* Problem details *
From the top of the entries below through the line containing "Antique Japanese Cedar", return every line exactly as written, please, and stop there.
[Source data Boundary: Start]
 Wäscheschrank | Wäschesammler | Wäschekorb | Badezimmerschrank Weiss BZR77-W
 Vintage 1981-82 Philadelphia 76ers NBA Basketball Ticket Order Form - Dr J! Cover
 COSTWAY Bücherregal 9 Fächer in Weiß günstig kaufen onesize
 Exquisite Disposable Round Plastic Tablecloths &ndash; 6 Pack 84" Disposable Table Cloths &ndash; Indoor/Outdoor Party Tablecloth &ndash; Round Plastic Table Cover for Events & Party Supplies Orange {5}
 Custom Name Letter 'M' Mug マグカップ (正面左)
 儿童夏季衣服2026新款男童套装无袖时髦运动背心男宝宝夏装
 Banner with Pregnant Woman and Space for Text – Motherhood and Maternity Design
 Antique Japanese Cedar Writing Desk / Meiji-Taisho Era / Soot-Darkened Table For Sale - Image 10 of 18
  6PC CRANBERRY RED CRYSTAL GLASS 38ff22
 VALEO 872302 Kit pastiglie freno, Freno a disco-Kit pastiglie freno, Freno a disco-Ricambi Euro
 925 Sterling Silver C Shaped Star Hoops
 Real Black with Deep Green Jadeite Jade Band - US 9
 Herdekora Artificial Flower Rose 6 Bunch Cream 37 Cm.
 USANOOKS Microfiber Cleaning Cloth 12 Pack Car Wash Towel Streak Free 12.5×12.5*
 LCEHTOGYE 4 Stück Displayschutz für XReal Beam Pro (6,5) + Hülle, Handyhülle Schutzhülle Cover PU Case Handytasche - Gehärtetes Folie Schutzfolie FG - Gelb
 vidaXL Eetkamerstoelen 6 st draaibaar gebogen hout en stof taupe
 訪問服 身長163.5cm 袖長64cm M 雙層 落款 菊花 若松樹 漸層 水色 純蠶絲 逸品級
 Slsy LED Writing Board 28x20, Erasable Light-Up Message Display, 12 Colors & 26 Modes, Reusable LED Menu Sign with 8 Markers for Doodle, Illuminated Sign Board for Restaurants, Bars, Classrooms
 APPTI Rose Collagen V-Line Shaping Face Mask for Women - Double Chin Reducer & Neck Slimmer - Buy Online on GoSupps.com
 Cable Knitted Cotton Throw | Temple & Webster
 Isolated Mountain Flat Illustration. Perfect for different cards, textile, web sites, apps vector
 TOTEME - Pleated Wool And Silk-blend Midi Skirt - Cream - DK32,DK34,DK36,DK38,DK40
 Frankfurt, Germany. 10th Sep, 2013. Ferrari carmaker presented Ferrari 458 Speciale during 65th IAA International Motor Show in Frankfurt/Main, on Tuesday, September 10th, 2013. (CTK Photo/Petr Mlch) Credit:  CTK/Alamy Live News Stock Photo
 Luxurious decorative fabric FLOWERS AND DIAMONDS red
[Source data Boundary: End]
* Output of the exercise *
 Wäscheschrank | Wäschesammler | Wäschekorb | Badezimmerschrank Weiss BZR77-W
 Vintage 1981-82 Philadelphia 76ers NBA Basketball Ticket Order Form - Dr J! Cover
 COSTWAY Bücherregal 9 Fächer in Weiß günstig kaufen onesize
 Exquisite Disposable Round Plastic Tablecloths &ndash; 6 Pack 84" Disposable Table Cloths &ndash; Indoor/Outdoor Party Tablecloth &ndash; Round Plastic Table Cover for Events & Party Supplies Orange {5}
 Custom Name Letter 'M' Mug マグカップ (正面左)
 儿童夏季衣服2026新款男童套装无袖时髦运动背心男宝宝夏装
 Banner with Pregnant Woman and Space for Text – Motherhood and Maternity Design
 Antique Japanese Cedar Writing Desk / Meiji-Taisho Era / Soot-Darkened Table For Sale - Image 10 of 18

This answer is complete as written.